A nurse came in with a choke collar, “time for a pee.” She was obviously pensive.
“Be a good boy Gravy.”
A darkened single bedroom: hollowed for only the glow of the hockey game, the sheen of his eyes and darkness. “Would it be okay if I sat with you while you watched the hockey game?” asks Gravy. It’s an honest bewilderment that stalls my answer; I pause. I’m scared, no longer angry. I’m sad to be scared. “May I please sit on the bed with you while you watch hockey?” He reiterates. His eyes stared up from his submissive sit position. The game flickered little.
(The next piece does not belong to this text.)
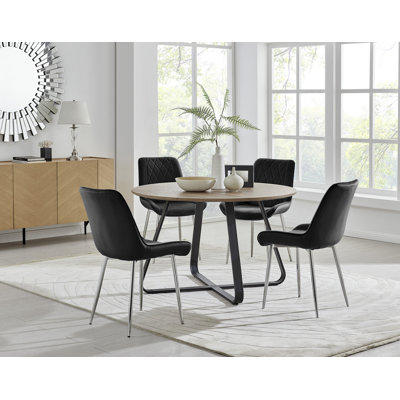 Venedocia Round Wood Effect Dining Table & 4 Luxury Velvet Dining Chairs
The dim light shown upon two eyes trying to make contact and two more eyes fixated on avoiding.
“It’s a small bed.” He changed his eyebrows. “And I don’t think they want you on my bandages.”
“I won’t lick, just sit the bed’s foot. We’ve been in tight spots before.”
A high-pitched squeak from a gurney wheel pulled his attention toward the crack of the door and the jam. I took this opportunity to watch his tail instinctively wag and my own to cower in a knot of emotions. I remember him resting his chin on my knee, asleep as we drove the vast bi-ways. The squeak and the shuffling feet ached down the hallway, and I had only the game as an alibi for my delay. It went to commercial. My heart speeds up in a succinct act with my panicking thoughts. He stared. I was out of time and resorted to his eyes. “Okay. Up.”
He slunk his upper body over the edge, one paw at a time. His crawl was serpentine. He lay on his stomach on my left side and looked at me with those blue eyes. The sad to be scared feeling welled up a tear. I don’t know how a body with so many open wounds had enough blood to keep going this fast. “What?” I asked. The tear fell.
Triangles descended encroaching the bed, falling above me. A heat encouraged my limbs to calm.
You try and teach’em that the choice isn’t there’s to make, no choice ever. I wonder if he would have stopped if I commanded.